> [ASSIGNED TASK] Write out each record below exactly as it appears, with no pictures.

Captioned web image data
------------------------

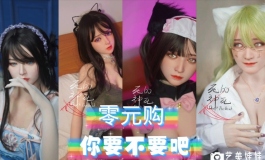 零元购，但是是大手办
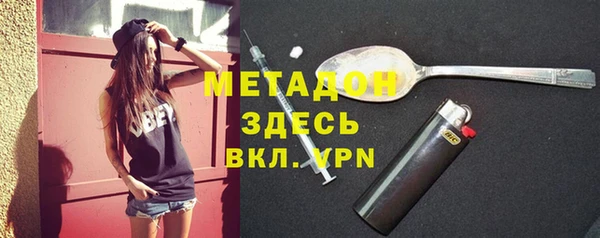 наркотики Михайловск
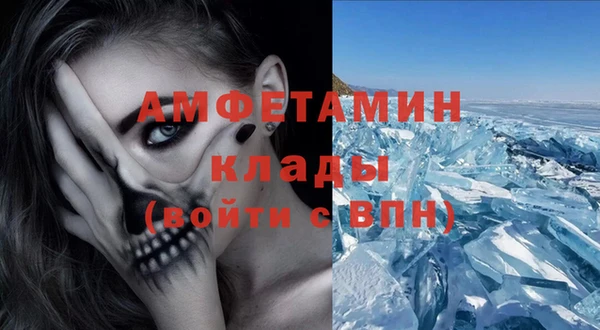 соль курить ск Беломорск
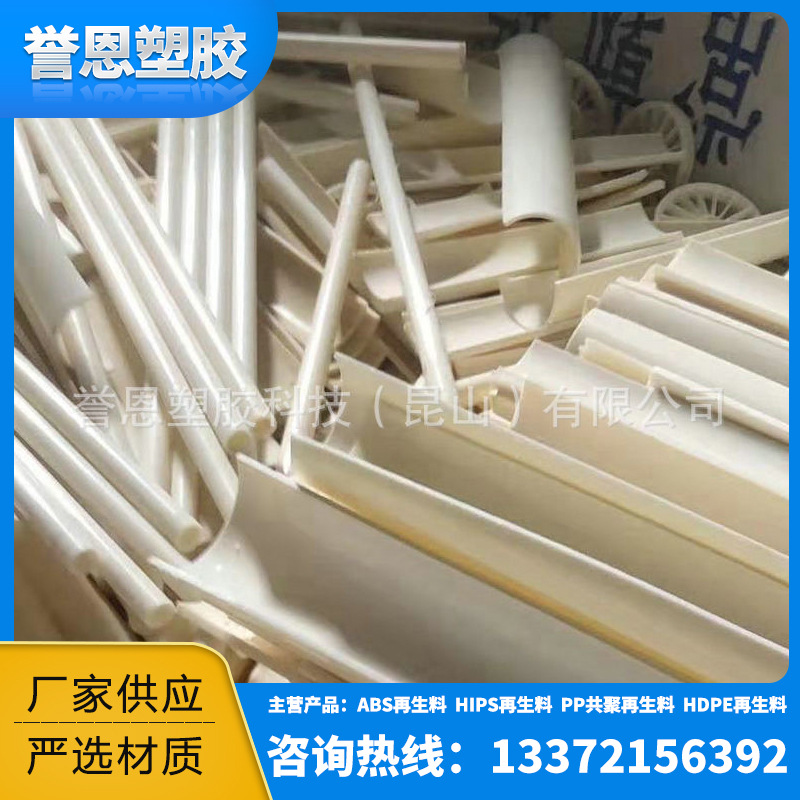 厂家供应注塑级ABS破碎一级料 PA一757K本色ABS破碎料粉碎料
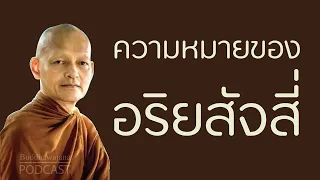 ความหมายของอริยสัจสี่ | มูลนิธิพุทธโฆษณ์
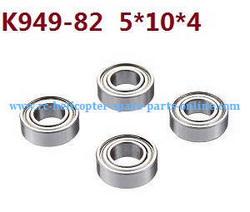 Shcong Wltoys 10428-A2 RC Car accessories list spare parts rolling bearing K949-82 5*10*4 4pcs - Click Image to Close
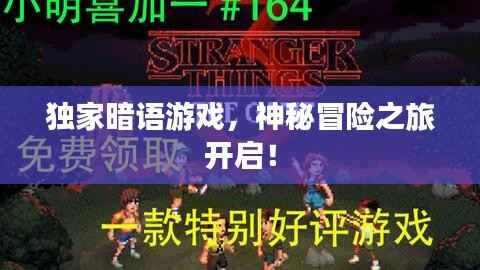 独家暗语游戏,神秘冒险之旅开启!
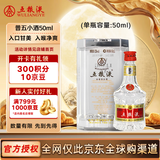 五粮液中秋礼品普五第七代浓香型白酒52度50ml单瓶装出口版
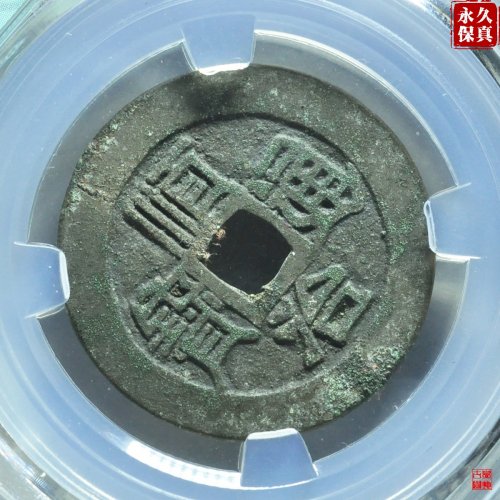 园地评级顺治满汉原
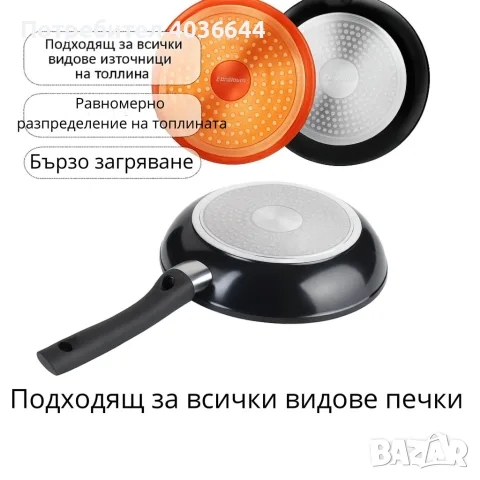 Комплект 3 бр. индукционни тигани Cheffinger с подвижни дръжки, снимка 4 - Съдове за готвене - 56166459
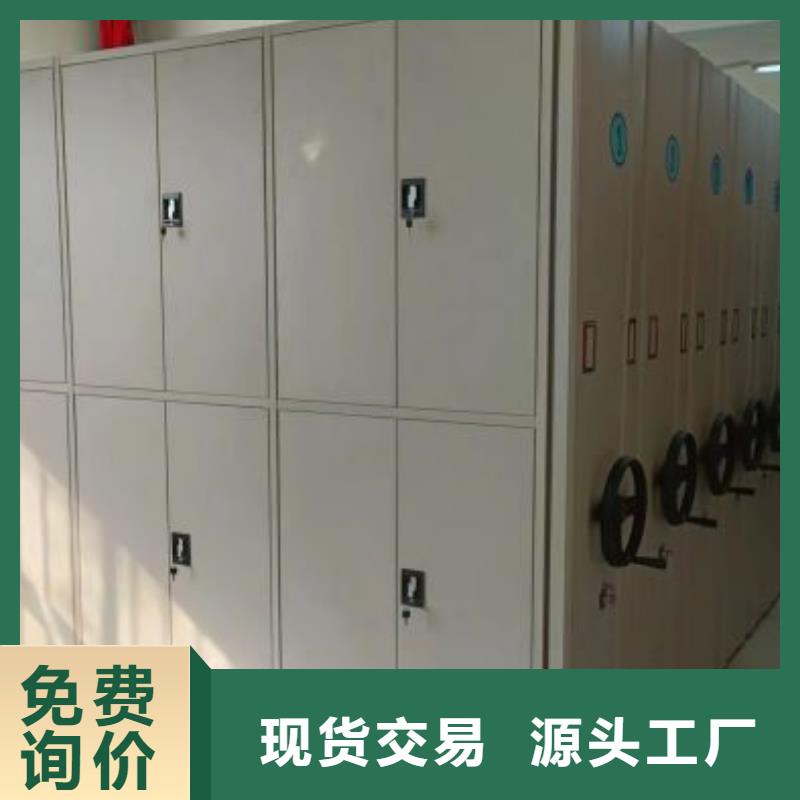 如何聯(lián)系【鑫康】檔案室活動(dòng)密集柜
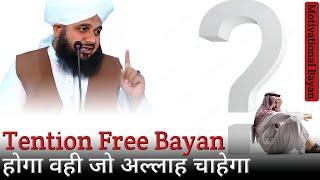 [Tention Free Bayan] Hoga wahi jo Allah chahega - Peer Ajmal Raza Qadri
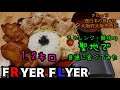 【さのっち西日本の旅#16】FRYER FLYERさんで普通に食べてみた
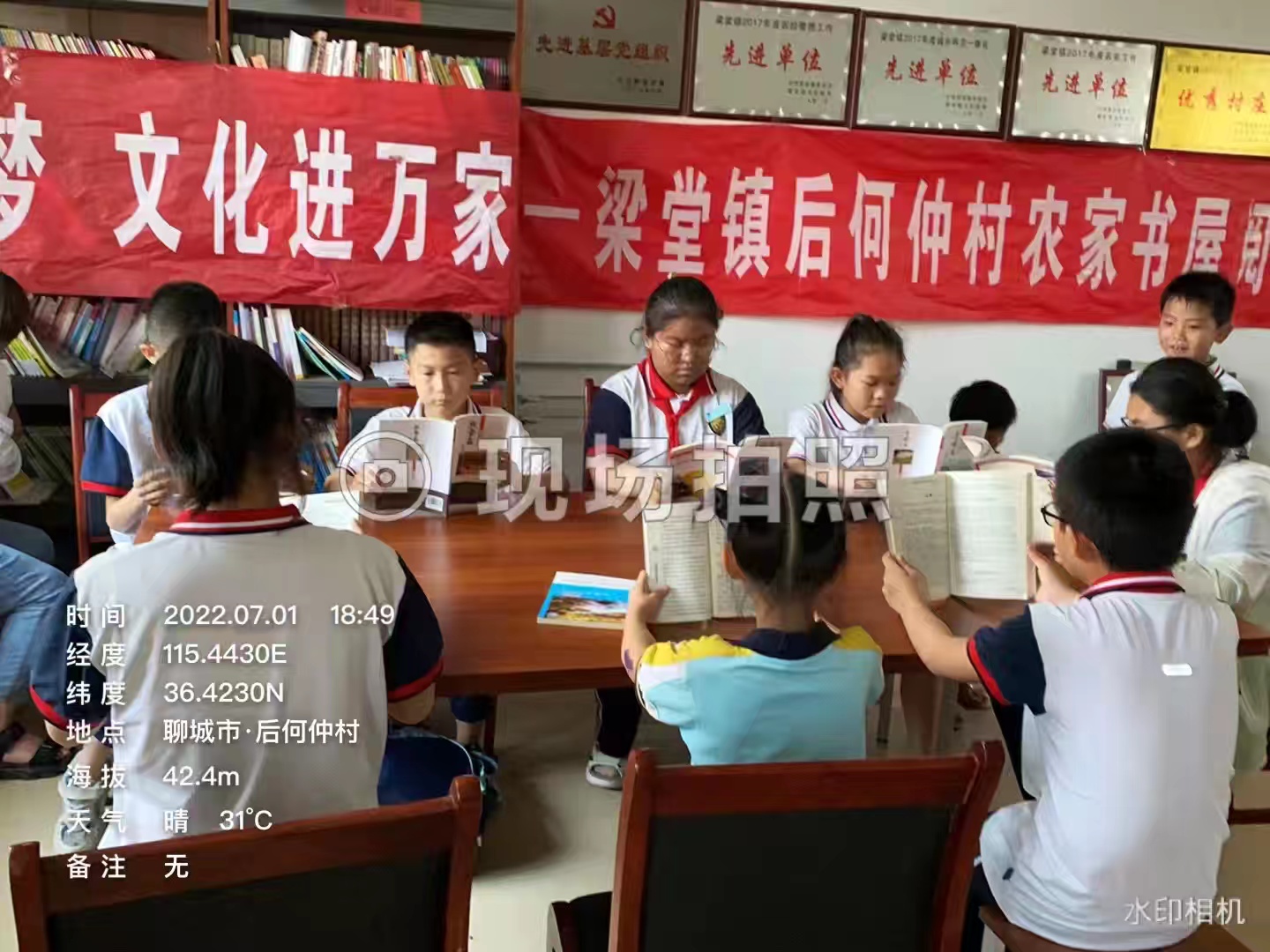 后何仲 (1).jpg
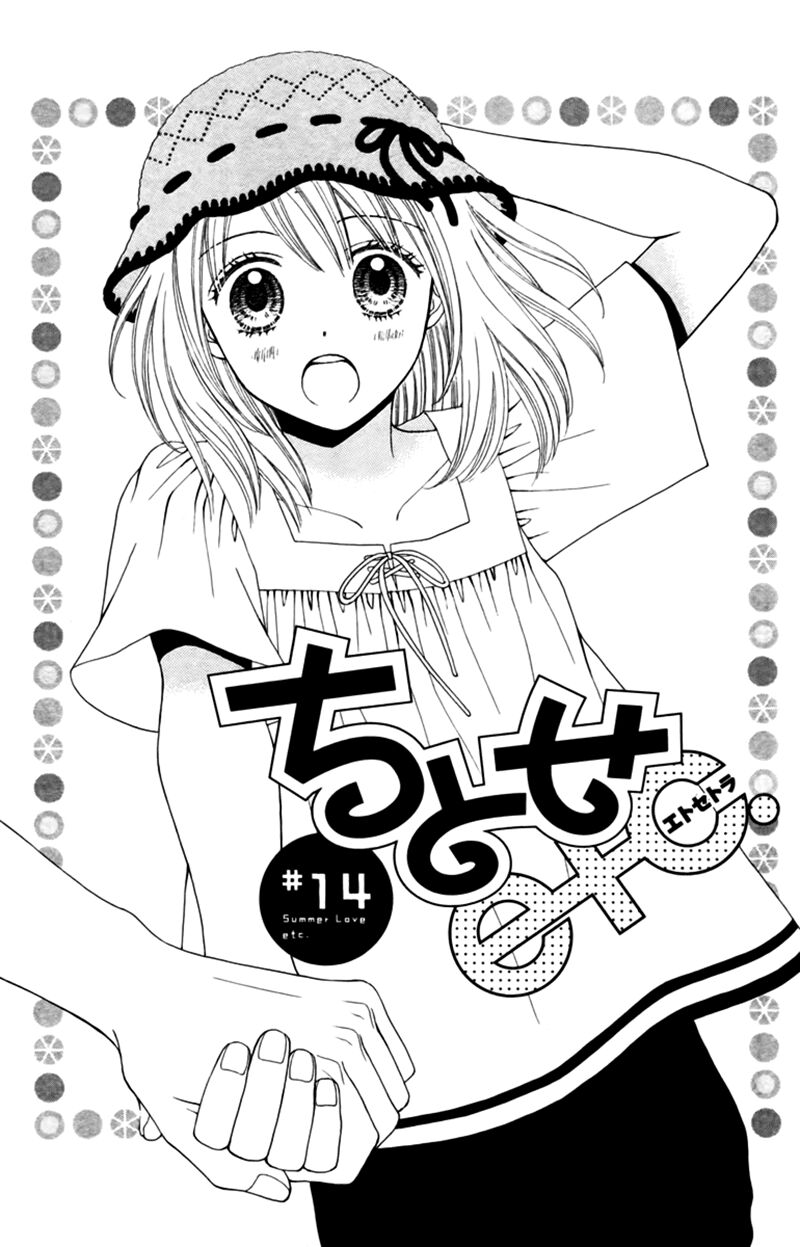 Chitose Etc Chapter 14 - 4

------------------------

> [EXERCISE SOLUTION]
 零元购，但是是大手办
 наркотики Михайловск
 соль курить ск Беломорск
 厂家供应注塑级ABS破碎一级料 PA一757K本色ABS破碎料粉碎料
 ความหมายของอริยสัจสี่ | มูลนิธิพุทธโฆษณ์
 Shcong Wltoys 10428-A2 RC Car accessories list spare parts rolling bearing K949-82 5*10*4 4pcs - Click Image to Close
 独家暗语游戏,神秘冒险之旅开启!
 五粮液中秋礼品普五第七代浓香型白酒52度50ml单瓶装出口版
 园地评级顺治满汉原
 Комплект 3 бр. индукционни тигани Cheffinger с подвижни дръжки, снимка 4 - Съдове за готвене - 56166459
 如何聯(lián)系【鑫康】檔案室活動(dòng)密集柜
 [Tention Free Bayan] Hoga wahi jo Allah chahega - Peer Ajmal Raza Qadri
 【さのっち西日本の旅#16】FRYER FLYERさんで普通に食べてみた
 后何仲 (1).jpg
 Chitose Etc Chapter 14 - 4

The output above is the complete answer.